▶ _To do_: Please repeat exactly the lines below from the line with "دولاب ملابس جداري اسكندنافي بتصميم مينيمال" to the line with "Arshiya- Beige Silk Brocade Saree", including both, and leave out every picture.

▶ _Working data_:
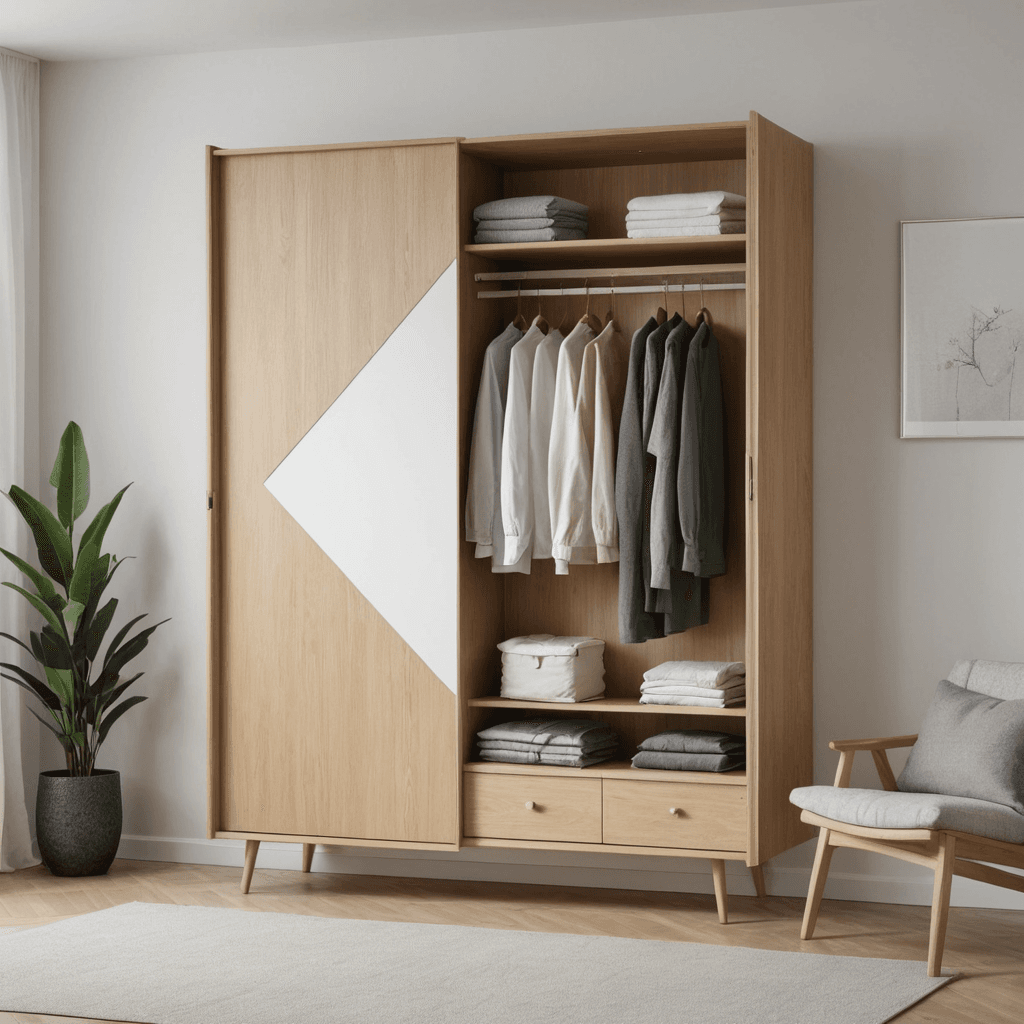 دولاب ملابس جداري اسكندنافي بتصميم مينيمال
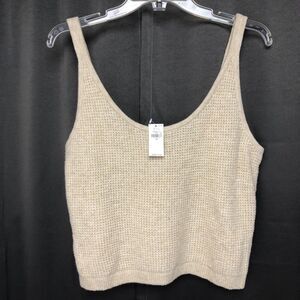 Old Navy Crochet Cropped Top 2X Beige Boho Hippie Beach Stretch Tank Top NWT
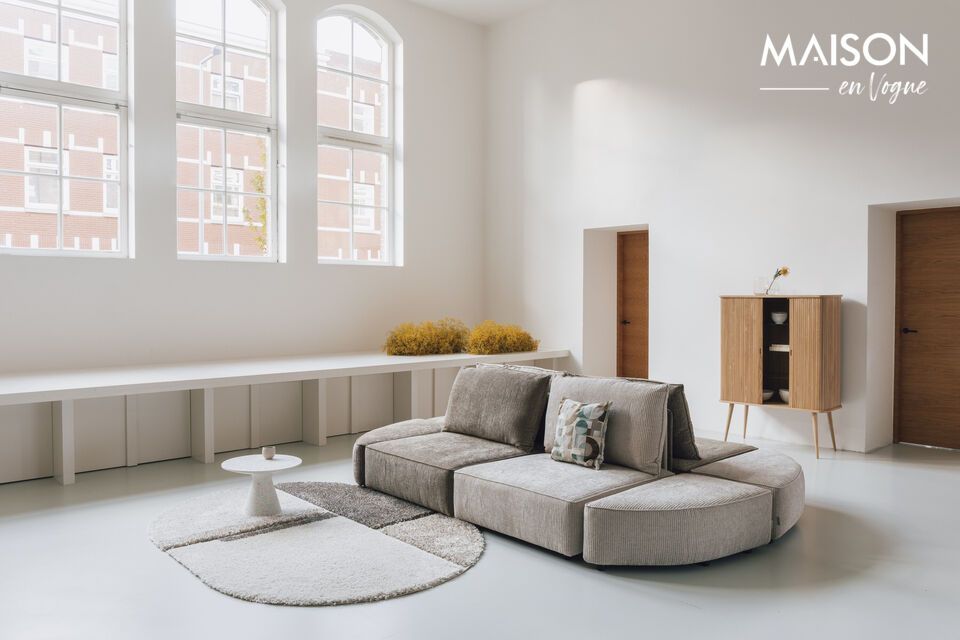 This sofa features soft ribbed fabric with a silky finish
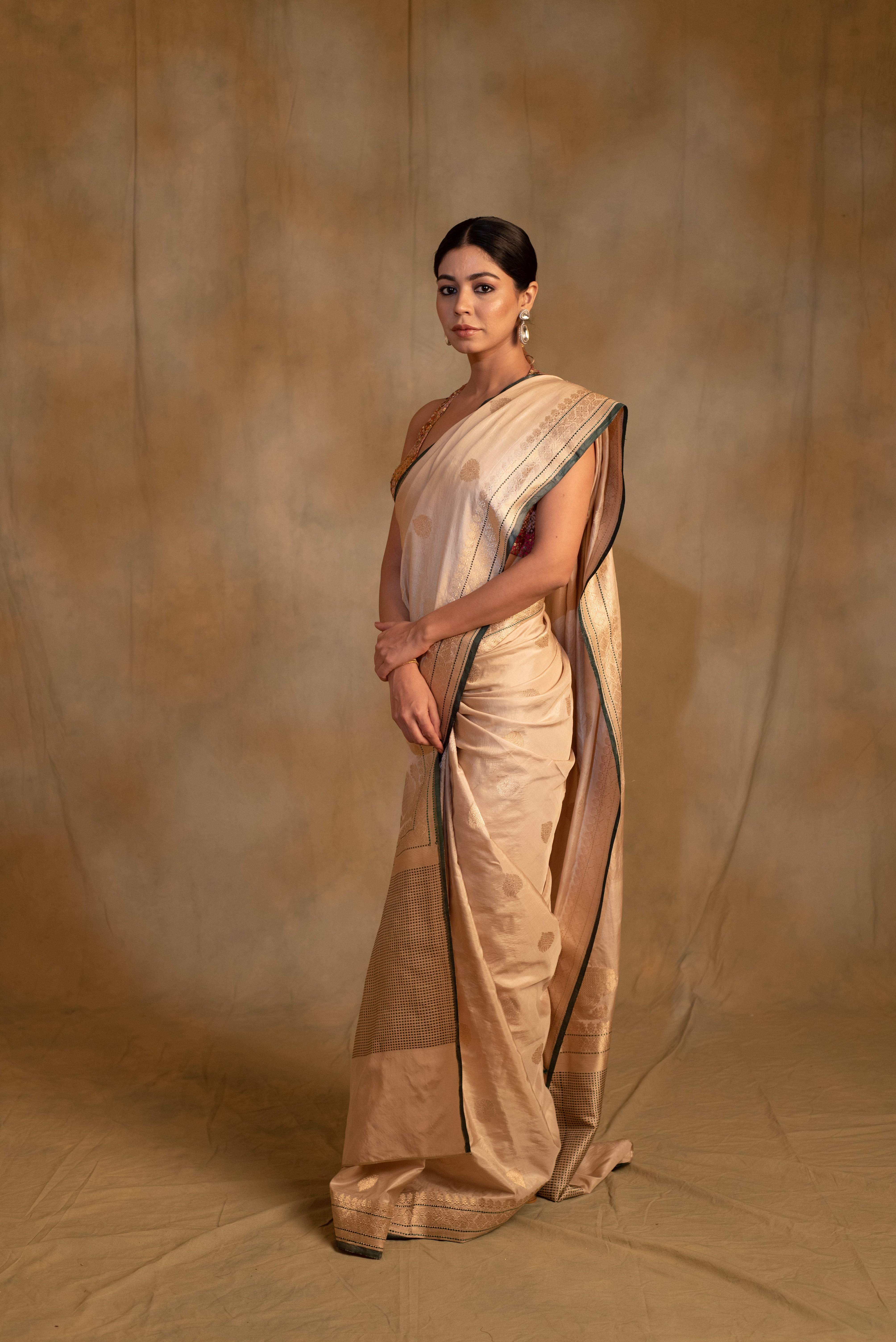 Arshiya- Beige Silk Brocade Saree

...

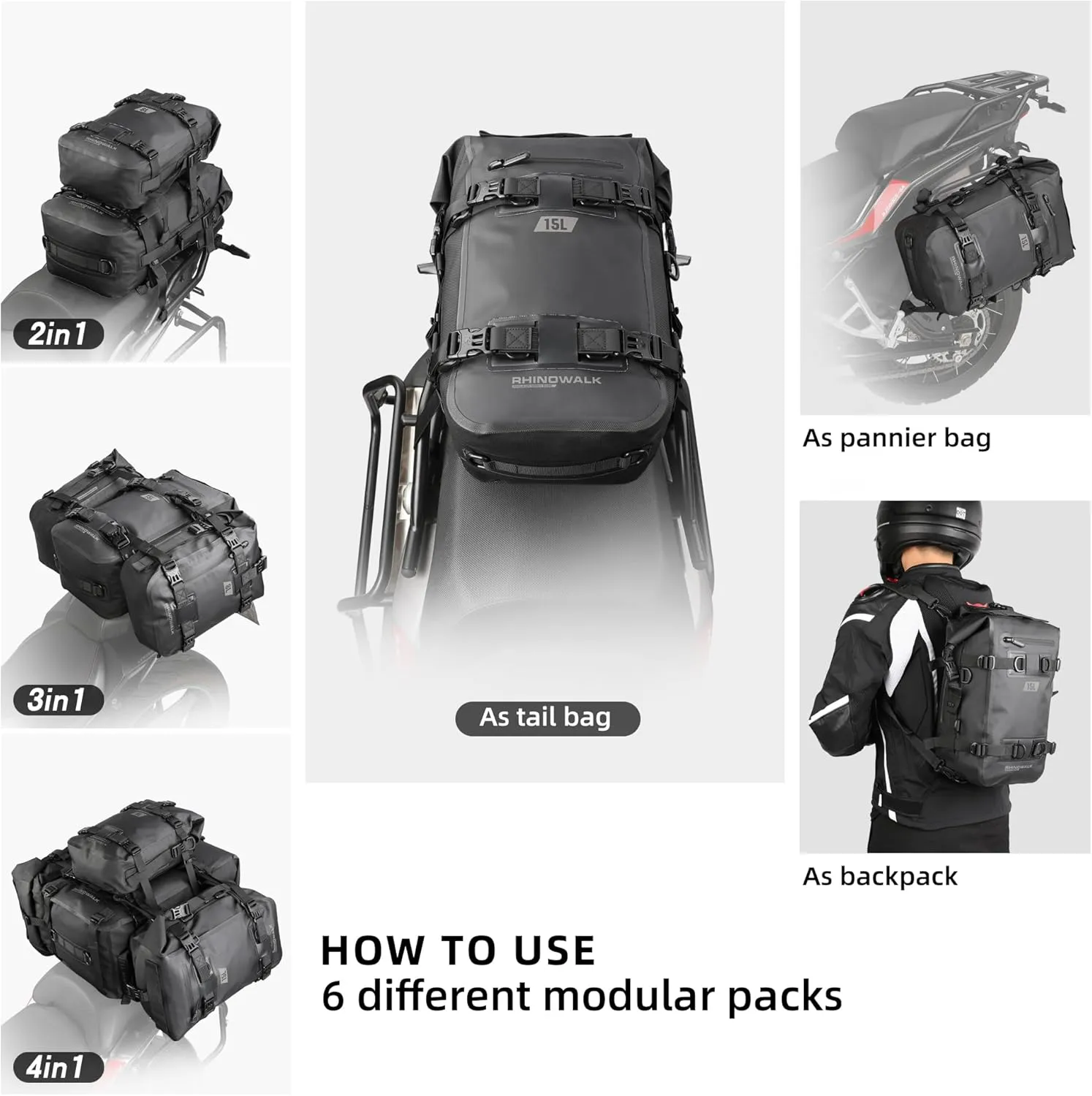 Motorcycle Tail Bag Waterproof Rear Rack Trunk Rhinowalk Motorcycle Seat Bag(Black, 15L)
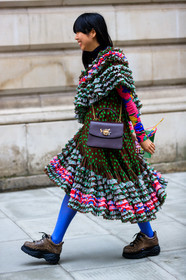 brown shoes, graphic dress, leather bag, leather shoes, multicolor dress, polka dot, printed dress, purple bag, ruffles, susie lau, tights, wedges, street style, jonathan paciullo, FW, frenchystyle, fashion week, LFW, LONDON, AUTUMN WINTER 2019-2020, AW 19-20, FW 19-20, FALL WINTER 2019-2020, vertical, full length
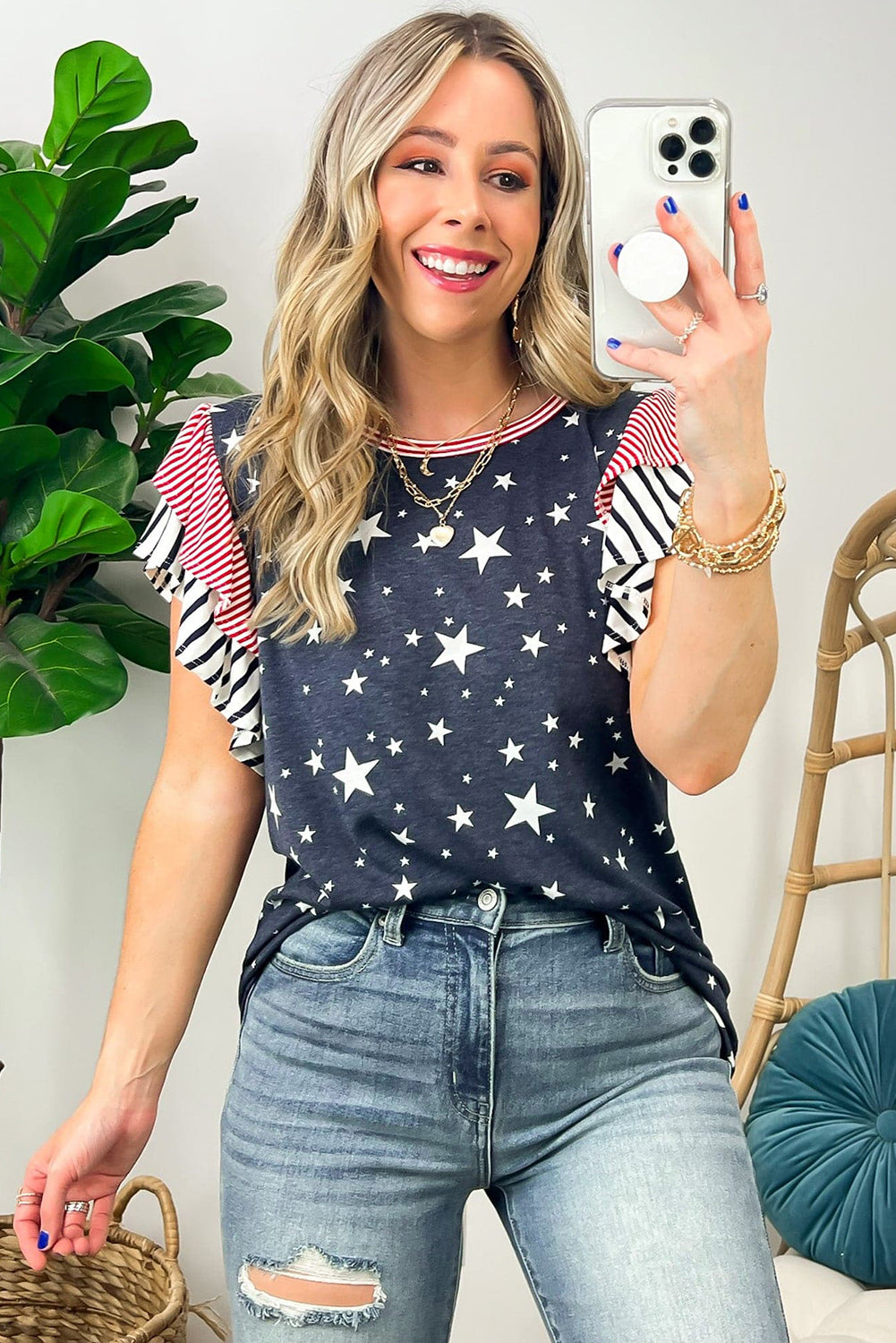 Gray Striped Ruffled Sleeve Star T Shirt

▶ _Solution_:
 دولاب ملابس جداري اسكندنافي بتصميم مينيمال
 Old Navy Crochet Cropped Top 2X Beige Boho Hippie Beach Stretch Tank Top NWT
 This sofa features soft ribbed fabric with a silky finish
 Arshiya- Beige Silk Brocade Saree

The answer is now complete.